Tuesday, February 21, 2017

Queen Esther: A Destiny Fulfilled. Day 4, The Bachelor

Queen Esther:
A Destiny Fulfilled
Day 4
The Bachelor

King Xerxes is single again, or as single as a man with a harem but no queen can be. If historians and Bible scholars are correct, he spent the time between Chapter 1 and Chapter 2 waging unsuccessful war against Greece, and now he is back home and has time to think about the mistake he made in deposing the beautiful and brave Queen Vashti.

"Later when King Xerxes' fury had subsided, he remembered Vashti and what she had done and what he had decreed about her." (Esther 2:1) He's moping about the palace missing his queen. Now that his anger has worn off he realizes he made a mistake, but he signed her banishment into law and it cannot be revoked. Even if he could call her back, it would make him look weak to the people, and that's the last thing he needs after putting the country through a very expensive war.

His attendants come up with an idea they think will lift his spirits. "Then the king's personal attendants proposed, 'Let a search be made for beautiful young virgins for the king. Let the king appoint commissioners in every province of his realm to bring all these beautiful young women into the harem at the citadel of Susa. Let them be placed under the care of Hegai, the king's eunuch, who is in charge of the women; and let beauty treatments be given to them. Then let the young woman who pleases the king be queen instead of Vashti.' This advice appealed to the king, and he followed it." (Esther 2:2-4) The ancient historian Josephus states that a total of 400 women were brought into the harem in this contest for the title of Queen of Persia. 

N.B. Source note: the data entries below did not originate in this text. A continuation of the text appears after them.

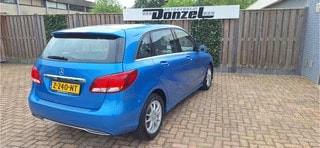 Thumbnail Mobil 7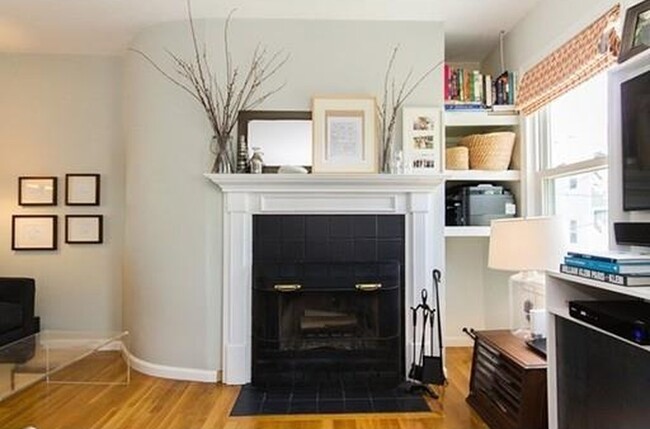 Fully Functioning Fire Place - 65 Sullivan St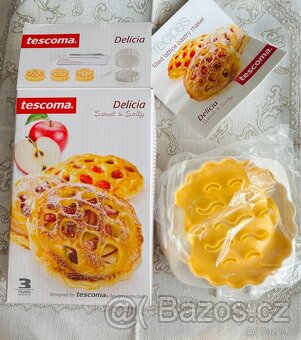 Tescoma Formovač na plněné pečivo s mřížkovým zdobením DELÍC - 2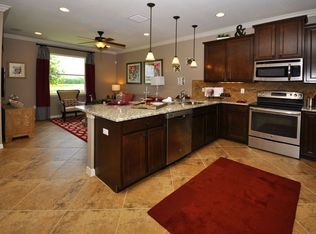 26933 Juniper Bay Dr, Zephyrhills, FL 33544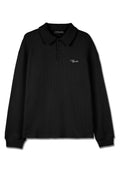 Schwarzes Langarm-Polohemd mit Waffelstruktur, Drei-Knopf-Leiste und einem kleinen weißen Logo auf der Brust.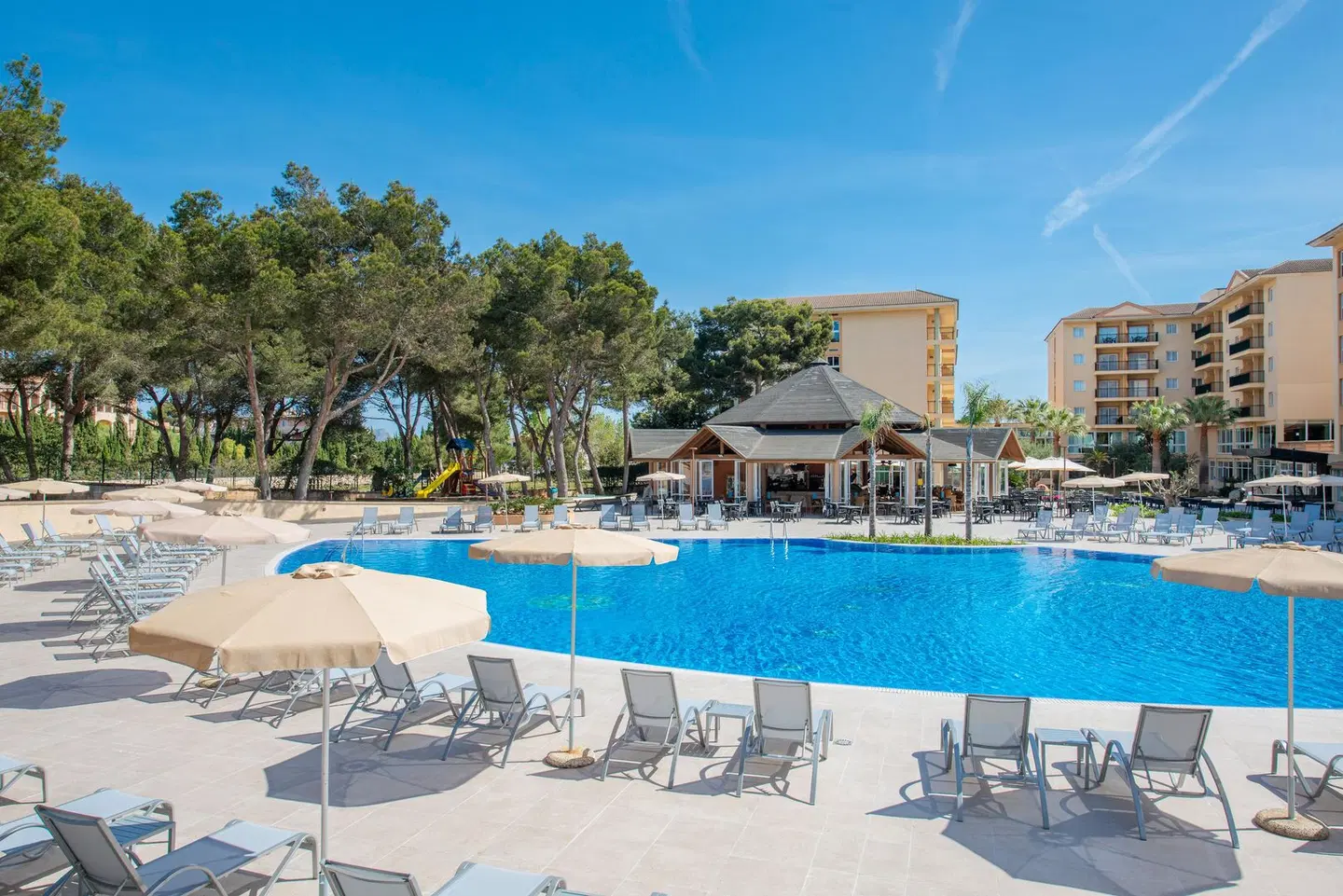 Ca'n Picafort Palace OUTDOOR_POOL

"Now there was in the citadel of Susa a Jew of the tribe of Benjamin, named Mordecai son of Jair, the son of Shemei, the son of Kish, who had been carried into exile from Jerusalem by Nebuchadnezzar king of Babylon, among those taken captive with Jehoiachin king of Judah." (Esther 2:5-6) Mordecai's great-grandfather had been among those carried off to Babylon by Nebuchadnezzar. This particular family of the tribe of Benjamin has been there ever since, although King Cyrus of Persia in his first year as king over Babylon gave permission for the Jews to return and rebuild the temple at Jerusalem. A successor, Darius I Hystaspes, gave quite a bit of help to the Jews in their rebuilding efforts. So why was Mordecai still there? And why were so many other Jews still there? The prophets Isaiah and Jeremiah both foresaw the downfall of Babylon and the return of the people to Jerusalem and their message, on the authority of the Lord, was, "Come out, come out! Come out of her, my people!" But life back in Judah was difficult and the rebuilding was hard work. In Babylon (now part of the Medo-Persian Empire) the Jews had jobs and homes of their own. Their children received educations. Life was easy and comfortable in Babylon in comparison to life in Judah, especially for those who assimilated into the Persian culture. As we will learn later on in the book of Esther, they had assimilated so well into the culture that King Xerxes was barely aware of the Jews as a separate people. 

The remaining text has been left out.